Find out whether your car is worth more than you still owe. Enter your loan payoff amount and the trade-in value you’ve been offered.
How this calculator works
Equity is simply your trade-in value minus what you still owe (the payoff). Positive equity is money toward your next car; negative equity (being “underwater”) is debt that typically gets rolled into the next loan — which is how people end up financing more than their new car is worth.
What changes the number
- Get your exact payoff from the lender, not just the balance — it can include a few days of interest.
- A private-party sale usually beats a dealer trade-in offer, turning more of your car’s value into equity.

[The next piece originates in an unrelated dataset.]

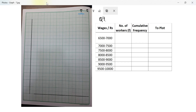Let's start question number seven. Use graph paper for this question. The table given below shows the monthly wages of some factory workers.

- Rolling negative equity into a new loan stacks old debt on a new car — a fast way to stay underwater for years.
Frequently asked questions
What is negative equity?
It means you owe more on the car than it’s worth — you’re “underwater.” Selling or trading it doesn’t clear the loan; the shortfall has to be paid or rolled into a new loan.
How do I get my exact payoff?
Ask your lender for a “10-day payoff” figure. It’s the balance plus interest accrued to the payoff date, and it’s the number that matters for a trade.
Should I roll negative equity into a new loan?
Avoid it if you can — it inflates the new loan and keeps you underwater. Better to wait, pay down the gap, or sell privately for more than a trade offer.